## Task to carry out
For this exercise, the lines from the one with "提供：もずく＆こんぶさん" through the final line of the data below are to be transcribed exactly, and pictures are to be skipped.

## Dataset section
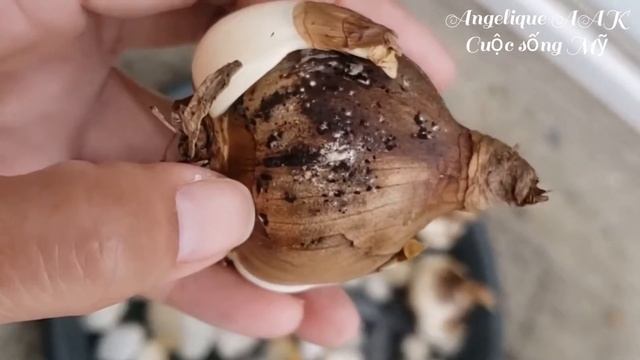 ??40 - Trồng hoa Hạt Mưa Rơi hay Leucojum. Plant Rain Drop/Leucojum flower. смотреть онлайн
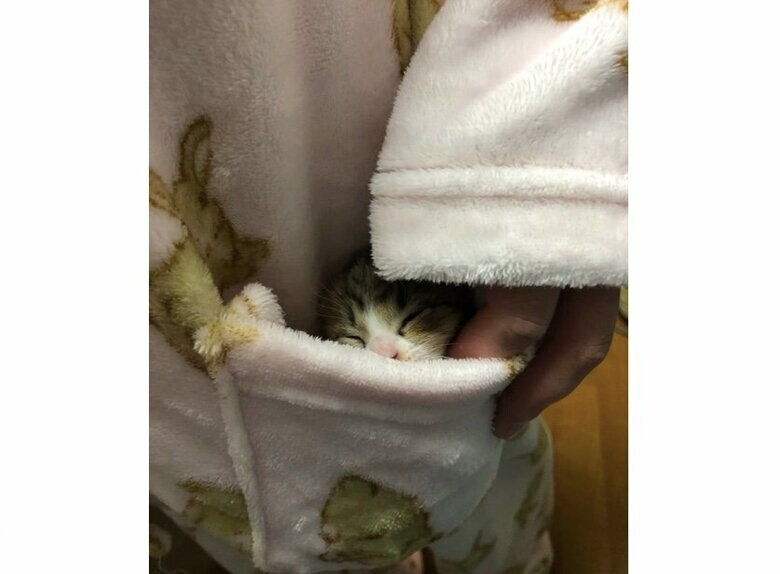 提供：もずく＆こんぶさん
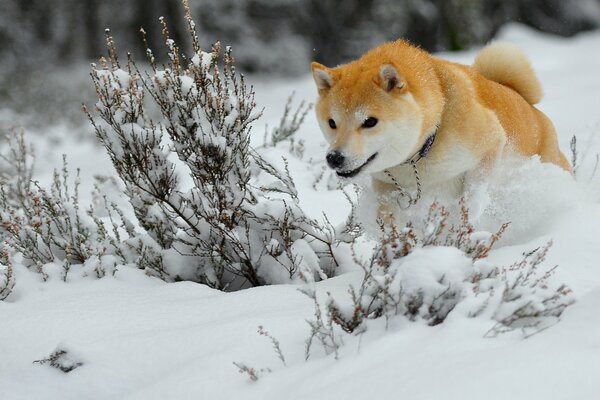 Rothaarige Hund im weißen Schnee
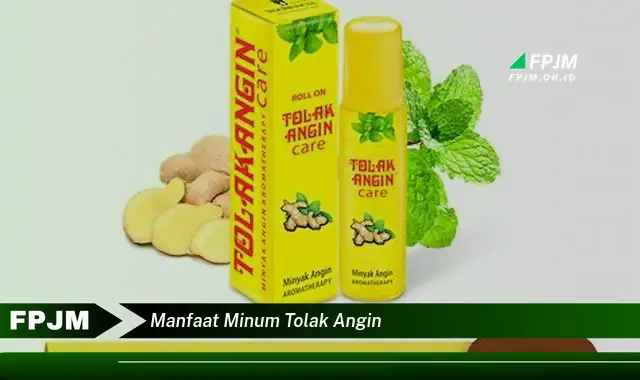 manfaat minum tolak angin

## Result of the exercise
 提供：もずく＆こんぶさん
 Rothaarige Hund im weißen Schnee
 manfaat minum tolak angin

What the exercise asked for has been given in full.